L’ICG met également l’accent sur la situation dans l’ouest de la Côte d’Ivoire et sur le rôle du président libérien Charles Taylor, aujourd’hui déchu. Celui-ci aurait contribué à la création du Mouvement populaire ivoirien du Grand Ouest (Mpigo) pour se protéger d’éventuelles incursions du MPCI sur son territoire. En effet, ce dernier recrutait de nombreux combattants libériens dans les camps de réfugiés au Ghana, hostiles à Taylor. Tout comme le camp présidentiel, soutenu dans l’ombre par les États-Unis désireux d’accentuer la pression sur Taylor, s’est adjoint les services de soldats krahns appartenant à la rébellion libérienne.
Aujourd’hui, la région semble débarrassée de tous les groupes de combattants libériens et sierra-léonais, mais l’ICG note que « de nouveaux rapports, non confirmés, font état de contacts entre les responsables des Forces nouvelles et les chefs de guerre de l’ancien parti de Charles Taylor. Il est hautement probable que lesdites Forces nouvelles ne restent pas inactives puisque, de son côté, Gbagbo continue de soutenir et d’armer le Model ». Ce Mouvement pour la démocratie au Liberia, qui combattit Taylor, serait ainsi susceptible de se diriger rapidement vers le Nord ivoirien si la guerre reprenait.
L’ICG appuie aussi sa démonstration concernant le risque de guerre sur la déclaration conjointe des Forces armées nationales de Côte d’Ivoire (FANCI) et des Forces nouvelles pour l’arrêt total de la guerre, parue dans la presse ivoirienne le 4 juillet 2003. « Elle contient en germe une menace de coup d’État », conclut le rapport, car les FANCI se sont réarmées de façon considérable et pourraient utiliser ce stock à leurs propres fins.

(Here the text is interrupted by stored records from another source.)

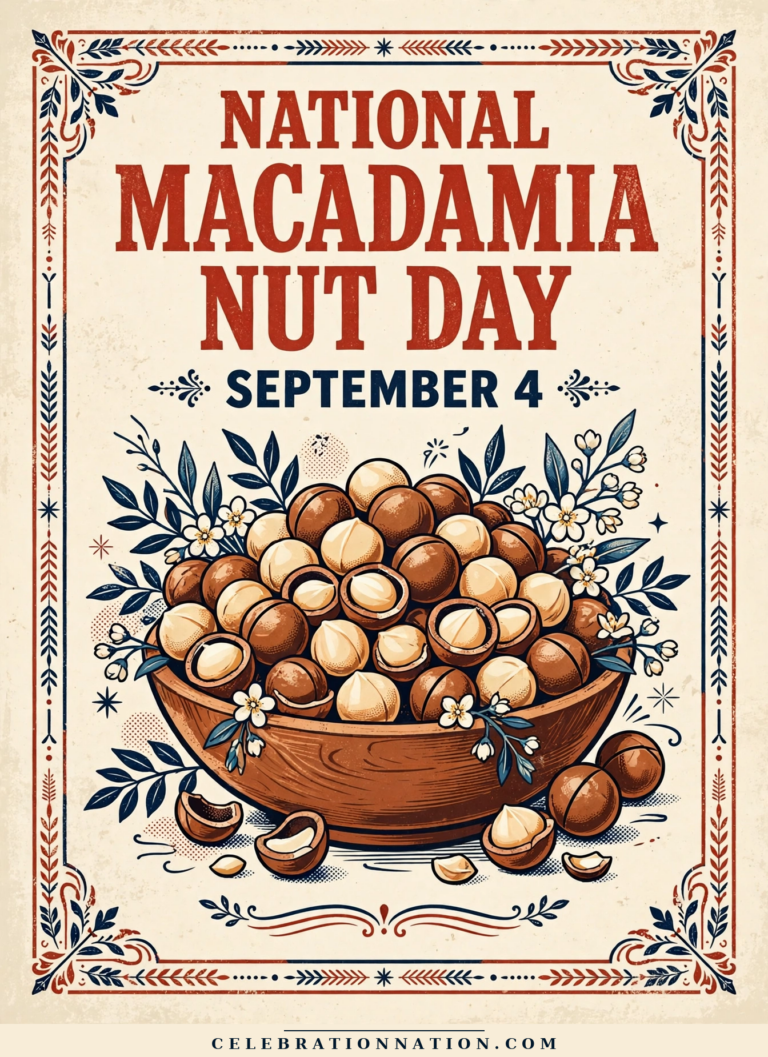 National Macadamia Nut Day poster
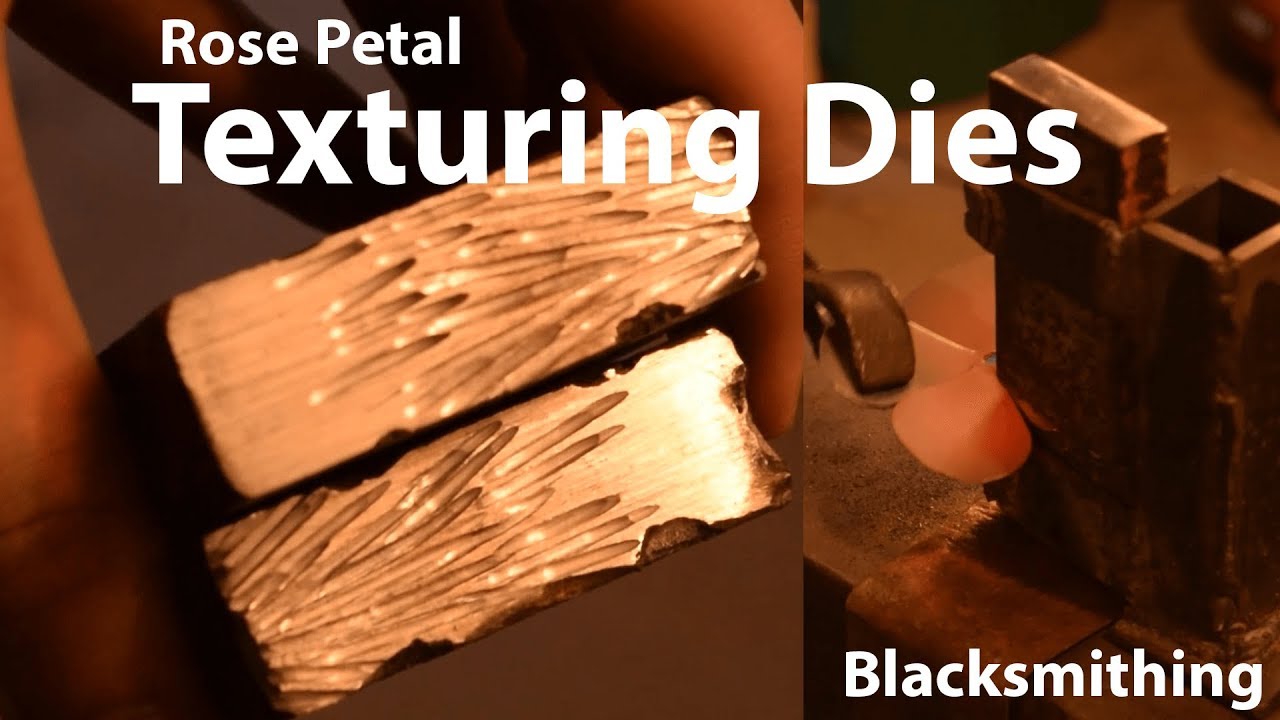 𝘉𝘭𝘢𝘤𝘬𝘴𝘮𝘪𝘵𝘩𝘪𝘯𝘨 - making Texturing Dies & a Guillotine Tool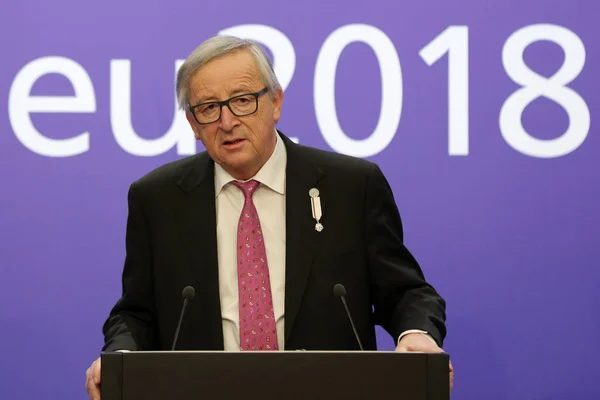 European Commission President Jean-Claude Juncker — Stock Photo, Image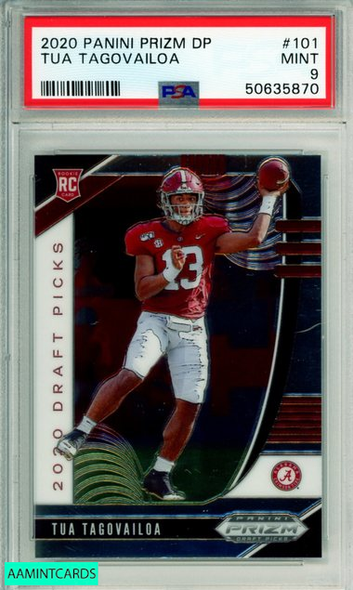 2020 PANINI PRIZM DRAFT PICKS TUA TAGOVAILOA #101 ROOKIE DOLPHINS PSA MINT 9 50635870 2020 PANINI PRIZM DRAFT PICKS TUA TAGOVAILOA #101 ROOKIE DOLPHINS PSA MINT 9 50635870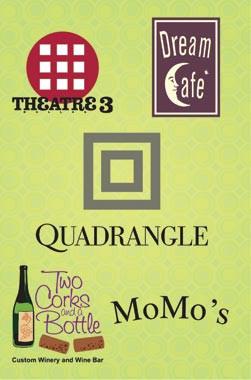 Quadrangle - Dream Cafe, Momo Pasta, Two Corks and a Bottle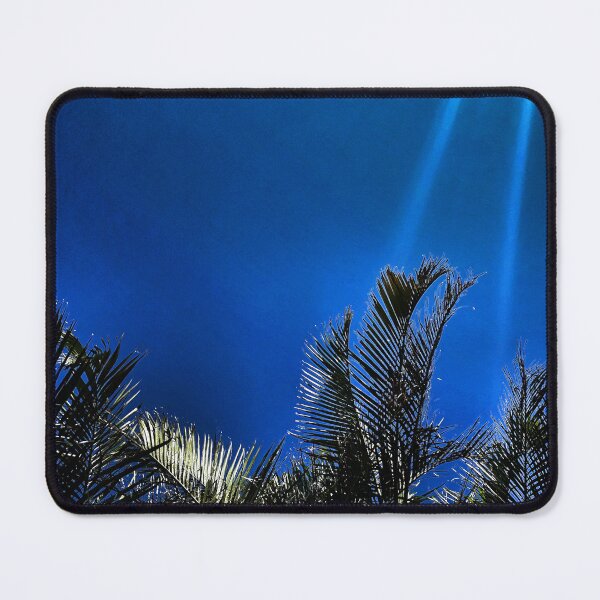 Item preview, Tropical Palm Fronds - Coastal Blue - Summer Sun Streaks - Tropicalcore designed and sold by Beachy.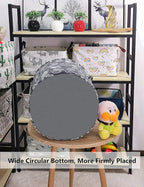 QUEENLALA Large Storage Basket,Laundry Hamper/Bathroom/Home Decor/Collapsible Round Storage Bin,Boys and Girls Hamper/Boxes/C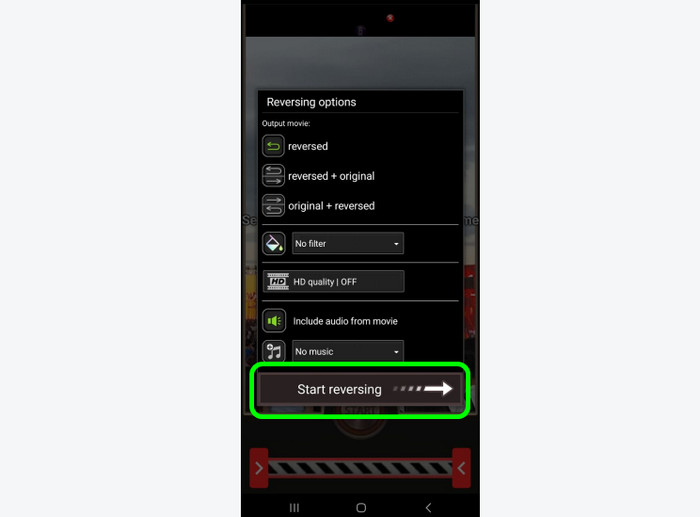 Click Arrow Save Video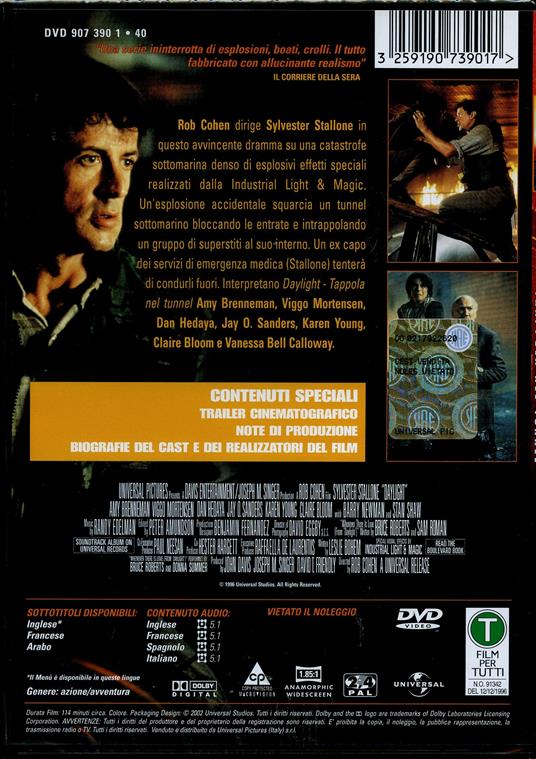 Daylight. Trappola nel tunnel (DVD) di Rob Cohen - DVD - 2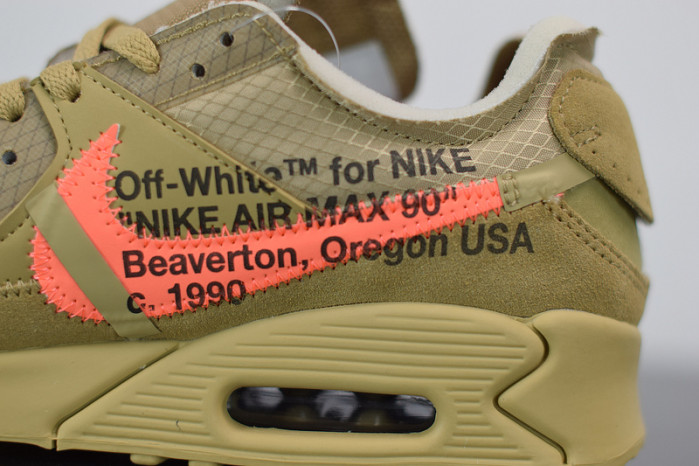 nike air max 90 off-white desert ore aa7293-200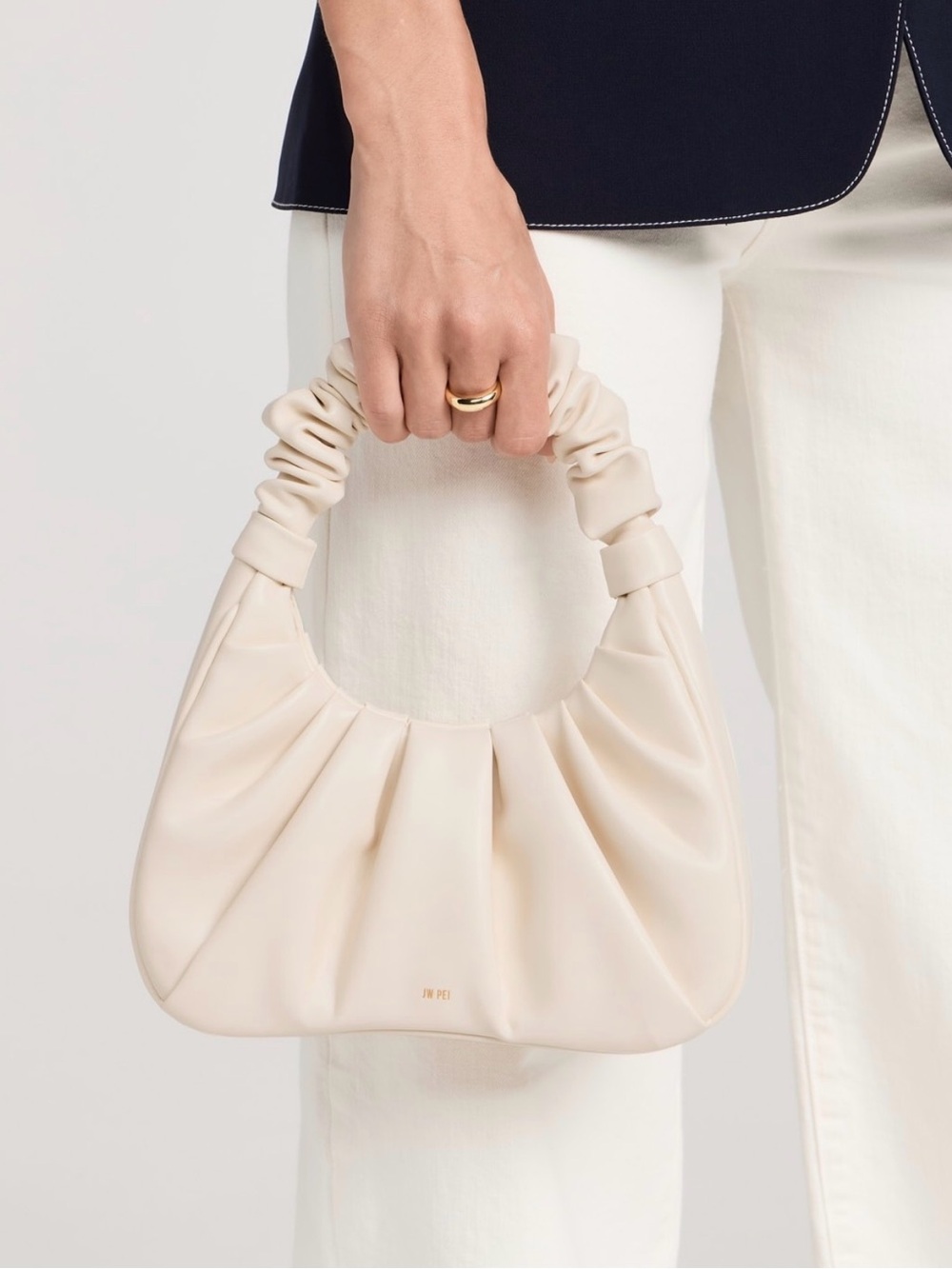 JW PEI Gabbi Ruched Hobo Handbag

D’après les chiffres fournis par la Banque mondiale, le président Gbagbo a consacré 150 millions de dollars à l’achat d’armes depuis mars 2003, ce qui ne correspond nullement à une logique de réconciliation.
En conclusion, et avant de donner ses recommandations pour restaurer une paix durable, l’ICG note que « l’équilibre actuel est fragile. […] L’aile dure du parti du président Gbagbo, ses jeunes supporteurs patriotes ainsi que les chefs rebelles laissés l’arme au pied peuvent obtenir un soutien populaire contre le processus politique. Une réouverture des hostilités est parfaitement possible. » Un pessimisme appuyé par la longue liste finale des mesures urgentes et indispensables à prendre au cours de l’année.